Setting aside all nervous jokes and cross-cultural discomforts, I must always remember what I relied that night: a straightforward and bottomless YES" endquote

I myself have met many masters both in the United States and in India and Nepal. To even meet one realized being in a lifetime is a very amazing experience. I have personally experienced on multiple occasions the universe shifting destiny's molecules for me to intersect with many masters in my life. I feel fortunate indeed in this lifetime to have met so many masters.

A Master's affect on one can be the most difficult to survive in ones lifetime. I am told this happens when a master sees a soul has a long journey and enlivens that one for quick travel to the destination of enlightenment. If so, then the teacher who was my teacher in childhood until my early twenties whose spiritual name is Lotus was the most influential in my life.
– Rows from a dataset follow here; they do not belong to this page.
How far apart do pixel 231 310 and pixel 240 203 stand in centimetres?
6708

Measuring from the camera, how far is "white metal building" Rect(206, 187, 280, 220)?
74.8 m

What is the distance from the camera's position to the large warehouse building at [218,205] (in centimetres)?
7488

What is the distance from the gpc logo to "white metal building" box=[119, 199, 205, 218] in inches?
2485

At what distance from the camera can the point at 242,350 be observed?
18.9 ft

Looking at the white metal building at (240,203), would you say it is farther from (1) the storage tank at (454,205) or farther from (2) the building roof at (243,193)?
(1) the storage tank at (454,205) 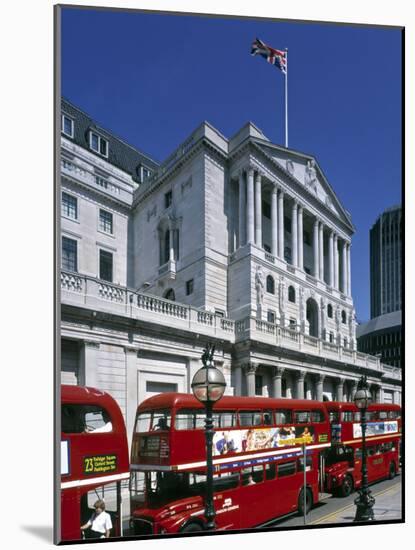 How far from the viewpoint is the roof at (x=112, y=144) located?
447 inches

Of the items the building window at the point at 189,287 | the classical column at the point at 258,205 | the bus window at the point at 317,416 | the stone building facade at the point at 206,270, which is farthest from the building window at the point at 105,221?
the bus window at the point at 317,416

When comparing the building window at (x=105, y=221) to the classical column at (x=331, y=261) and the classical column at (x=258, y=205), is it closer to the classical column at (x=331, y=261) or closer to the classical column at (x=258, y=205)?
the classical column at (x=258, y=205)

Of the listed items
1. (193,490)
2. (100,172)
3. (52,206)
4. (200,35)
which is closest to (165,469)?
(193,490)

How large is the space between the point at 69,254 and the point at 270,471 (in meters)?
6.35

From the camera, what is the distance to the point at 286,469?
13742 mm

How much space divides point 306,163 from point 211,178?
2.21 metres

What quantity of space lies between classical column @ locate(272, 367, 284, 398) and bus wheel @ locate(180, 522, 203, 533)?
404cm

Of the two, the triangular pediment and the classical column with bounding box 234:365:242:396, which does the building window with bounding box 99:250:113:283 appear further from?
the triangular pediment

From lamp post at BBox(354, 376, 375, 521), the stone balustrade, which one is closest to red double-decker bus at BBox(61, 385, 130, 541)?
the stone balustrade

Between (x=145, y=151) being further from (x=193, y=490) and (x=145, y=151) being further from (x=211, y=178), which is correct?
(x=193, y=490)

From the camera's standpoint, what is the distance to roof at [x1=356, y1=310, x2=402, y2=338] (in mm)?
14266

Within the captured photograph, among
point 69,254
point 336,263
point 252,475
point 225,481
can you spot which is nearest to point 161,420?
point 225,481

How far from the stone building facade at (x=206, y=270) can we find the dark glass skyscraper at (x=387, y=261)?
60cm

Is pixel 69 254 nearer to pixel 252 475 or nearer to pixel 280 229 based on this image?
pixel 280 229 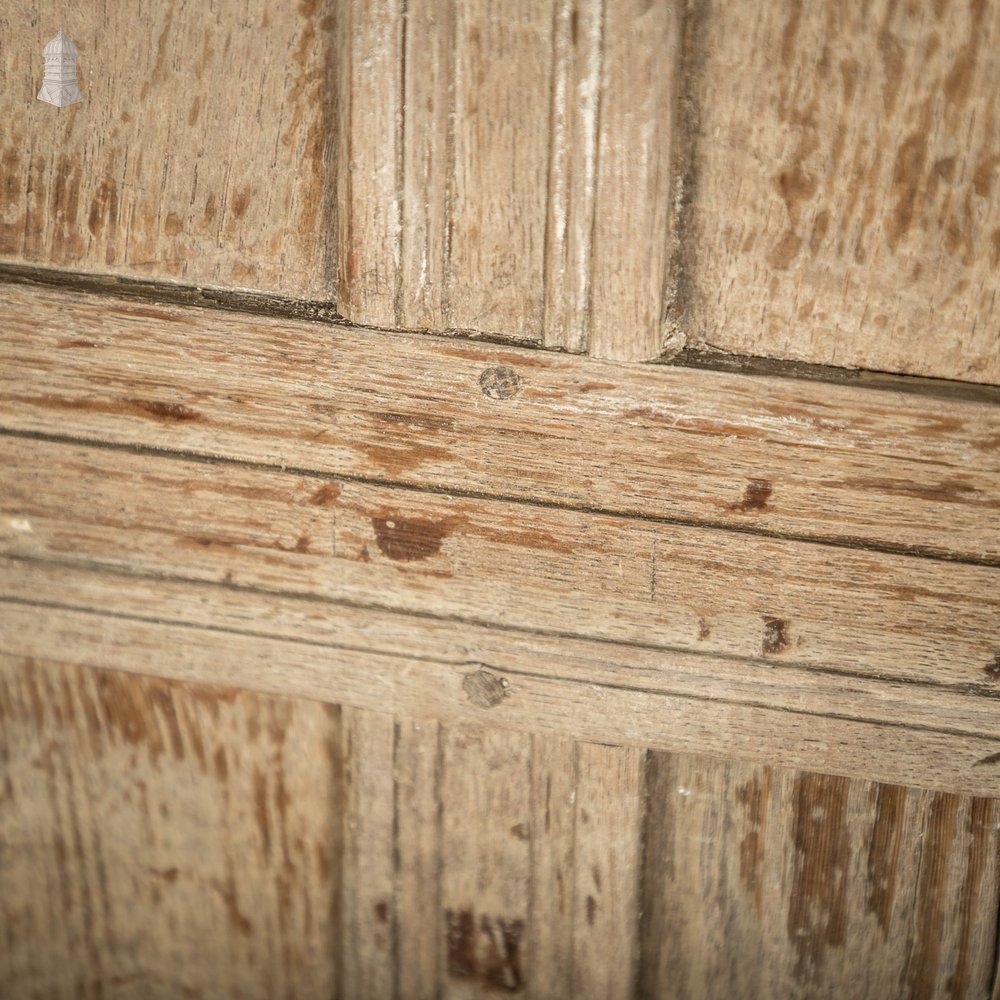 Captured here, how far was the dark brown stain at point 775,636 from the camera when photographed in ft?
2.33

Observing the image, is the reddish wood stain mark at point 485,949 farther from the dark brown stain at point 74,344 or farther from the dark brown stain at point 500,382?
the dark brown stain at point 74,344

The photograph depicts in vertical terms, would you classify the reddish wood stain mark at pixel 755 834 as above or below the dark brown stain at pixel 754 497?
below

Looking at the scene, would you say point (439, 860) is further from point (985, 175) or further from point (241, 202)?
point (985, 175)

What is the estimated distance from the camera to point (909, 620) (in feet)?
2.27

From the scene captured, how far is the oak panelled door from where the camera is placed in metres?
0.64

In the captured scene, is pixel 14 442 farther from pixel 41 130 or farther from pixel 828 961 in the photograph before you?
pixel 828 961

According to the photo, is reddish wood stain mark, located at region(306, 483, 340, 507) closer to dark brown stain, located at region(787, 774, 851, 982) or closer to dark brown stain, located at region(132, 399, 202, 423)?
dark brown stain, located at region(132, 399, 202, 423)

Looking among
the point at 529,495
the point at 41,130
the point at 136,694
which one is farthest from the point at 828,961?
the point at 41,130

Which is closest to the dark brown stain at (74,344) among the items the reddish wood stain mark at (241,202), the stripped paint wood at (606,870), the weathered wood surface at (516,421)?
the weathered wood surface at (516,421)

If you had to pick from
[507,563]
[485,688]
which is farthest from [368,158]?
[485,688]

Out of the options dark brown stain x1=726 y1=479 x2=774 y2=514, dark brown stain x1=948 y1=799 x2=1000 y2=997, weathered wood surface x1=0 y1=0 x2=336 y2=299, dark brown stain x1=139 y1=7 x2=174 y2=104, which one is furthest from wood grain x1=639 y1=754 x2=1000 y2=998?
dark brown stain x1=139 y1=7 x2=174 y2=104

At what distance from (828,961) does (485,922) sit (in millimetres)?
304

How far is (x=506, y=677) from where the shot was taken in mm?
757

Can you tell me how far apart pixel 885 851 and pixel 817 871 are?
0.19 feet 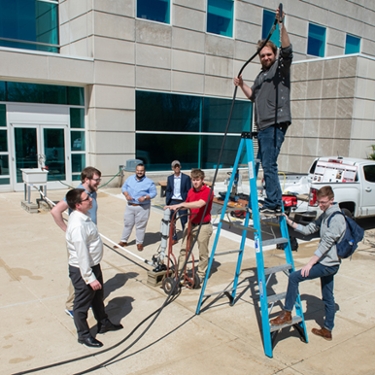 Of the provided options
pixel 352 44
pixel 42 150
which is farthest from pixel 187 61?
pixel 352 44

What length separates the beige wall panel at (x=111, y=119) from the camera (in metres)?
15.0

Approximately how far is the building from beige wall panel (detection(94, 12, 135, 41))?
4 centimetres

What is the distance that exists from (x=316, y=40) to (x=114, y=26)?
11379 mm

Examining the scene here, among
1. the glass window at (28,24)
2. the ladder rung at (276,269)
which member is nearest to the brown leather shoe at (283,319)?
the ladder rung at (276,269)

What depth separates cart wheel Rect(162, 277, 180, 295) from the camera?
5781 millimetres

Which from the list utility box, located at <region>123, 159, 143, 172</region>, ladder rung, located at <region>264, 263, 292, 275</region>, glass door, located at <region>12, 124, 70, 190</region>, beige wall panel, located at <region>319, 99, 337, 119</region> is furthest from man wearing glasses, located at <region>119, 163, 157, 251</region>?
beige wall panel, located at <region>319, 99, 337, 119</region>

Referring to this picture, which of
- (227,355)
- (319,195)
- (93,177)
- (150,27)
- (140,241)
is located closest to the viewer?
(227,355)

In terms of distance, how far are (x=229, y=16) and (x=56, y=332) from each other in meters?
16.2

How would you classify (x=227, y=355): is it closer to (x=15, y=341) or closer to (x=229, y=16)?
(x=15, y=341)

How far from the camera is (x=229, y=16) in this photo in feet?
58.2

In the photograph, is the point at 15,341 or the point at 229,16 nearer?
the point at 15,341

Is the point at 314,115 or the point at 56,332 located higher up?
the point at 314,115

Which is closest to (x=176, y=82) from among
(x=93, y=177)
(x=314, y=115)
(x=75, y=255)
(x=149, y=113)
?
(x=149, y=113)

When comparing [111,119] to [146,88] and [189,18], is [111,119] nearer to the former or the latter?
[146,88] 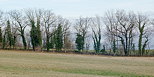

There is another master that I called Geshela, a Tibetan Lama that I met first in Santa Cruz, California in 1983 and then in Bodhgaya, India with my wife and kids in late 1985. Geshela was known for his long life White Tara initiation world wide(which my family and I received from him in santa cruz, Ca. in 1983). He did "Mo" for me on many occasions which is Tibetan divining. He reminded me in many ways of a Catholic Priest except that he began his training at age 6, several thousand miles away from his parents in Kham. He was trained in Lhasa, Tibet and left with the Dalai Lama around 1960 and migrated while being straffed by Chinese fighter jets all the way to India. He saw many Tibetans being shot by planes and freezing to death before reaching India and Freedom . Even thought Geshela was a very brilliant and talented man I could see growing up without his parents nearby took a toll on him as well as watching his Tibetan culture be destroyed(at least in Tibet). So even though people may become enlightened they still have real problems the deal with. I think it is important for all of us to realize this. Not being raised by his parents, watching friends be shot at and die from fighter planes and freezing to death and having to live in two new cultures, India and the United States as a Tibetan Buddhist teacher and Tibetan refugee took a toll on him. However, he carried it well with Honor and with Peace.